Reviewing the Basics of Personal Bankruptcy

person counting money

The decision to declare bankruptcy is a difficult one. But it is often necessary for those facing overwhelming debt, giving them a chance at a fresh financial start. Bankruptcy can have consequences that affect your finances.

For more information about how bankruptcy can affect your financial future, how to rebuild your credit after filing for bankruptcy, and how a bankruptcy lawyer can help, contact Bashore Green Law Group today for a free consultation.

How Long Does Bankruptcy Affect You Financially?

Filing for bankruptcy can have wide-ranging consequences on your financial future, the specifics of which depend on which chapter you file under. The two most common types of bankruptcies are:

Chapter 7 bankruptcy

In Chapter 7 there is potential for the loss of non-exempt assets so that proceeds can be applied to pay creditors. In most Chapter 7 cases the debtor is able to exempt all of their assets and as such most Chapter 7 cases are “no-asset” cases.

Chapter 7 is on your credit report for 10 years. Normally a debtor can obtain credit cards and auto loans soon after bankruptcy albeit on less favorable terms than someone with good credit. A debtor normally must wait two years from discharge to qualify for a conventional loan without the assistance of a co-borrower with good credit.

Chapter 13 bankruptcy

Known as reorganization bankruptcy, Chapter 13 involves restructuring your debts and creating a plan to pay them off over a certain time rather than selling any of your assets. A Chapter 13 filing can remain on your credit report for up to seven years. As with Chapter 7, after the filing of a case, the debtor’s ability to access quality credit may be limited for the first year or two with the situation steadily improving as the debtor uses consumer credit and pays existing debts.

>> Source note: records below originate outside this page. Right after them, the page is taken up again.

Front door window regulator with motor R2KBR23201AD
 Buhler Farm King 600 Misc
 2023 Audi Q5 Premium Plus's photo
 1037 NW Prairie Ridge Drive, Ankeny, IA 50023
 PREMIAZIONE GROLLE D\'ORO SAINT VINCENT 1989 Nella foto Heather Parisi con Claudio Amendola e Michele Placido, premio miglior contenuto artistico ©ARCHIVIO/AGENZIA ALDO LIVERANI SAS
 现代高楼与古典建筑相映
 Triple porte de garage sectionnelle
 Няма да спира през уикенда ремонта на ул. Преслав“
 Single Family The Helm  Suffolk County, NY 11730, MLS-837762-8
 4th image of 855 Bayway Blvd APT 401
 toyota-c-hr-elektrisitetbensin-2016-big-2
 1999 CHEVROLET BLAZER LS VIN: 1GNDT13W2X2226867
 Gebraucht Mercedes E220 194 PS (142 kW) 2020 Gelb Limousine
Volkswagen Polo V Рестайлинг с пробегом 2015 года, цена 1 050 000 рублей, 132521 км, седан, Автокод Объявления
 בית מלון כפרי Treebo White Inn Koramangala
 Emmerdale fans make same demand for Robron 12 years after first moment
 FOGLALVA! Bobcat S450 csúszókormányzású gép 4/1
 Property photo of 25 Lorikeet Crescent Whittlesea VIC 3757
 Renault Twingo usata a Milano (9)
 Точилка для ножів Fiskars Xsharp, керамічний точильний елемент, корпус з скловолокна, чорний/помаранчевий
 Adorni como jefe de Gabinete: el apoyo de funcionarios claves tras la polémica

No matter which type of bankruptcy you choose, the relative impact on creditworthiness will be a function of how good the credit score is prior to the bankruptcy. If the credit score is already poor, then the effect will be minimal. Also, future creditworthiness may be of little import to some and of significant import to others.

Applying for Loans After Bankruptcy

The main thing to remember when applying for a loan after bankruptcy is that your credit score may be different than before. You will be able to find lenders who are willing to work with you. However, in some instances, a creditor will charge higher interest rates and/or require larger down payments.

It’s important to remember that bankruptcy will stay on your credit report for seven to 10 years. You will need to focus on rebuilding your credit during this time by making regular payments on time and keeping your balances low. During this time, a consumer is advised to be conservative and responsible with your credit card usage.

Another crucial factor to consider when applying for a loan after bankruptcy is the type of loan you are applying for. Most lenders are more likely to give out small credit cards, secured personal loans, and other types of smaller loans to people with “dinged” credit. If you are looking for a mortgage loan, you may need to wait until your credit score has improved.

How Can an Attorney Help?

The experienced bankruptcy attorneys at Bashore Green Law Group can help you understand the consequences of filing for bankruptcy, determine which chapter best suits your needs, and help you navigate the paperwork and court proceedings associated with the process.

The bankruptcy lawyers at Bashore Green understand that considering bankruptcy can be stressful for Michigan residents. We provide quality legal representation and helping our clients make the best decisions for their financial futures. Our attorneys will explain the consequences of filing for bankruptcy and work with you to explore options in your best interest.

We will answer any questions you have about the legal requirements of filing for bankruptcy, such as understanding credit scores, developing a repayment plan, and working with creditors. Learn more by visiting us online or calling 248-487-1887.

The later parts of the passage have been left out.